L’interprétation est doublement séduisante. Sans doute la silhouette ténébreuse juchée sur un rocher lors de la phase ascensionnelle de l’expérience VR aura suggéré cette reconnaissance à tous les participant·es averti·es de l’installation. Mais surtout, les conséquences d’un tel retournement du regard sont décisives pour l’imagination – encore ouverte – d’une place à occuper pour les participant·es des œuvres virtuelles à venir. C’est que l’installation suggère à la fois un renouvellement et une transformation des conditions de l’expérience cinématographique, à mesure qu’Apichatpong lui-même explore des confins de plus en plus éloignés de la projection traditionnelle, par l’installation visuelle et sonore, la performance, mais aussi le livre d’artiste, les carnets de rêves et de méditation, sans oublier les longs-métrages eux-mêmes creusés d’entractes léthargiques.
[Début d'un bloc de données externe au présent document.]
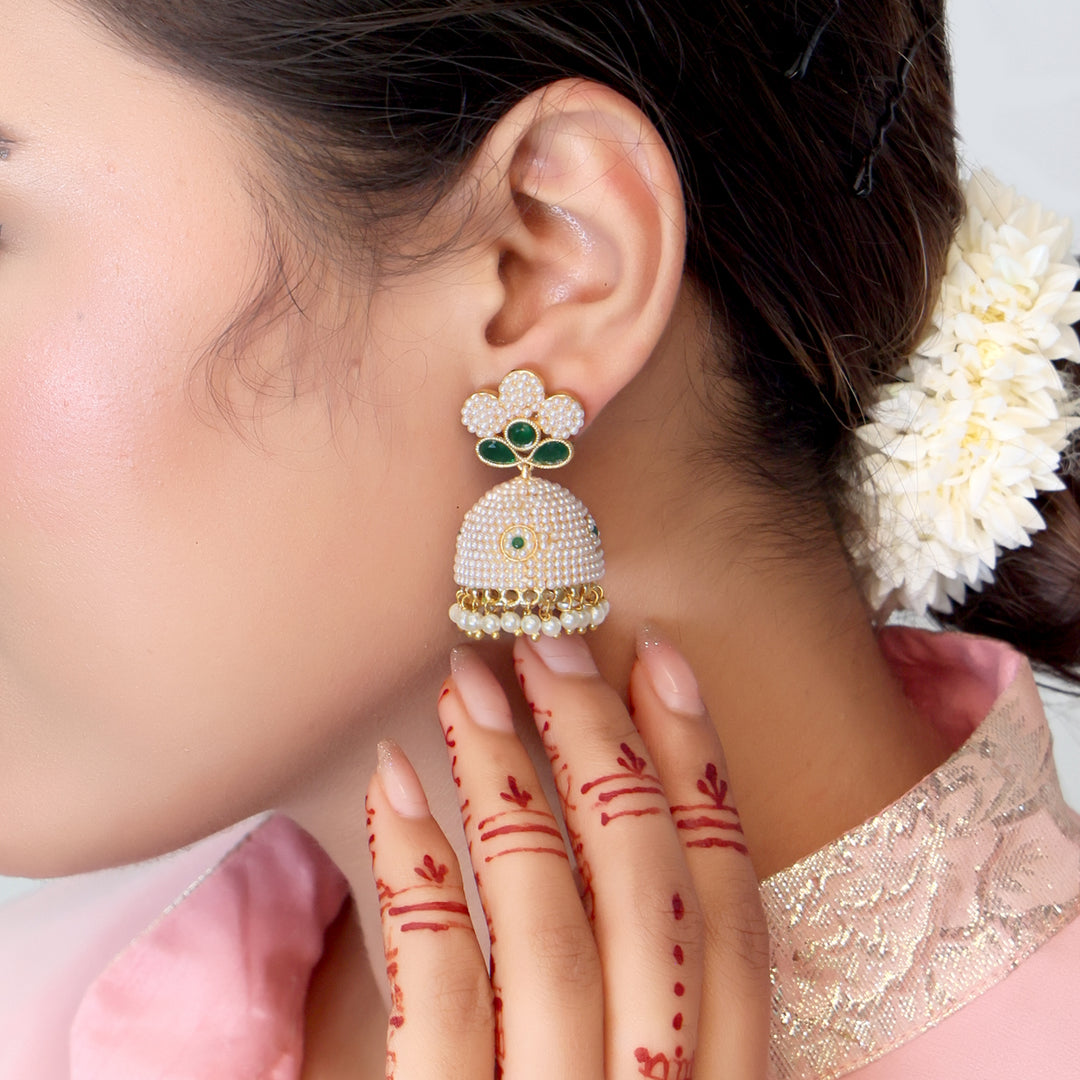 Pearl Dome Floral Jhumka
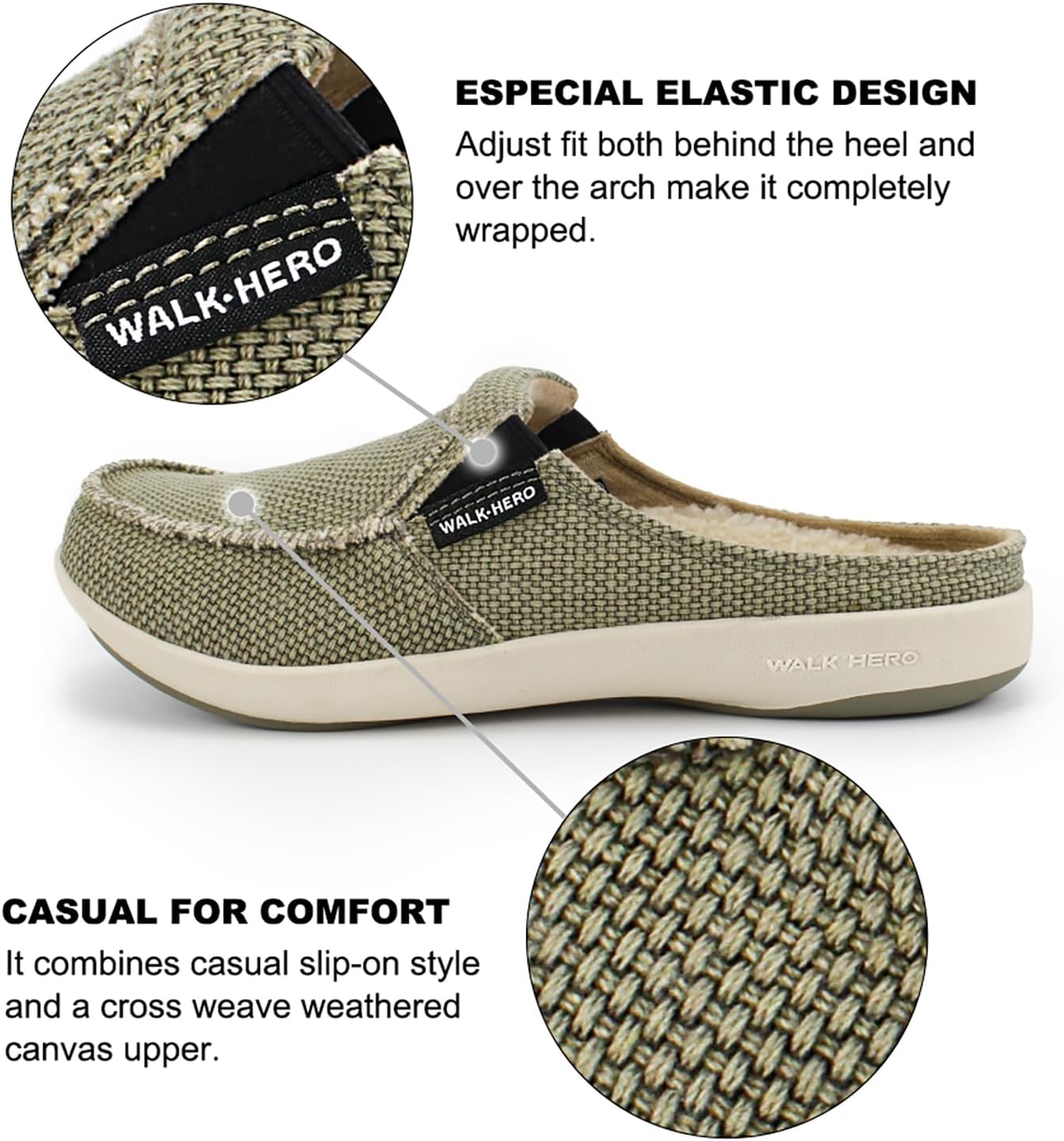 Mens Slippers with Arch Support, Canvas House Slipper for Men with Velvet Lining, Slip On Clog, Indoor Outdoor House Shoes with Anti-Skid Rubber Sole - Image 6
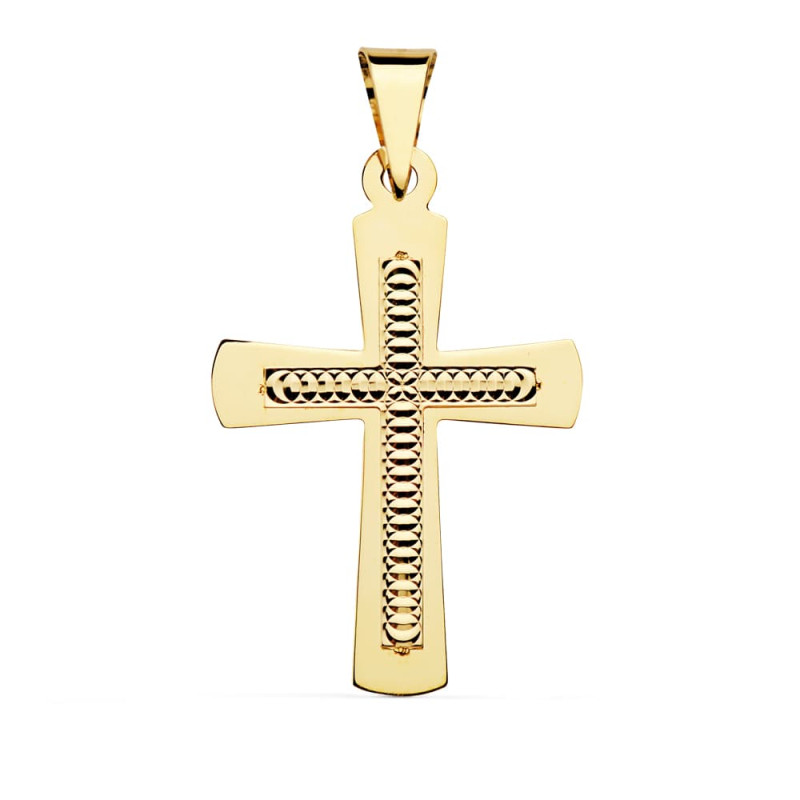 18K CRUZ ORO AMARILLO SIN CRISTO TALLADA. 34 X 22 MM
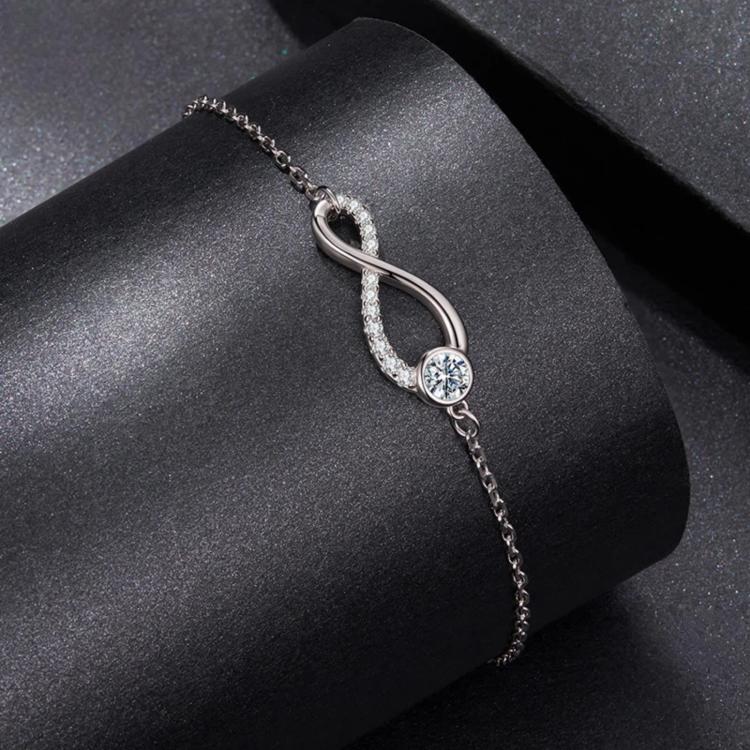 Bracciale a cerchio infinito in argento sterling S925 con moissanite, MSB039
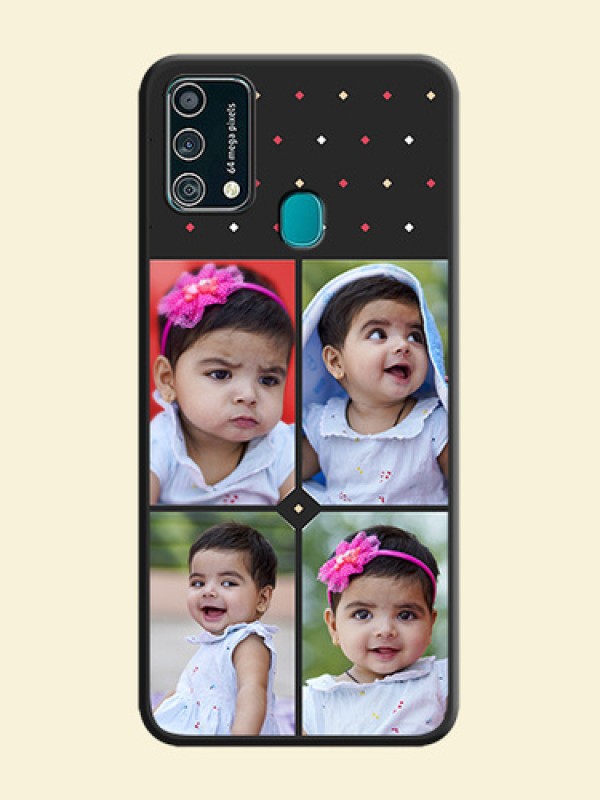 Multicolor Dotted Pattern with 4 Image Holder on Space Black Custom Soft Matte Phone Cases - Galaxy F41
Devenir-Boonmee, n’est-ce pas proposer une manière tout à fait nouvelle de sortir de l’opposition entre le cinéma-dans-la-salle et le cinéma étendu-exposé ? Il est vrai que l’expérience collective de A Conversation with the Sun est à même de rendre sensible comme aucune salle de cinéma – même les plus chahuteuses – le caractère ritualisé de la séance. Dans le même temps, elle s’évade de manière décisive de l’expérience fixe de la salle. En outre, sa structure en trois temps suggère en son cœur une réversibilité essentielle du regard, dont le cinéma a toujours exploré l’utopie sans avoir su la réaliser complètement. Or ici, l’exploration déroutée et curieuse de la première partie laisse place, dans la seconde, à la conscience d’être soi-même l’objet du regard d’autrui. Et cela en même temps que le casque de VR fait apparaître une vision imaginaire aussi séduisante qu’elle constitue un obstacle rendant impossible la communication simultanée avec les autres participant·es. Toute l’expérience de l’installation est ainsi à la fois profondément individuelle et déjà perpétuellement médiée – tout y a lieu comme en décalé, comme à travers le voile de vies antérieures. S’il fallait trouver un nom à une telle forme de participation rendue possible par la réalité virtuelle, il faudrait sans doute parler de ré-incarnation du cinéma.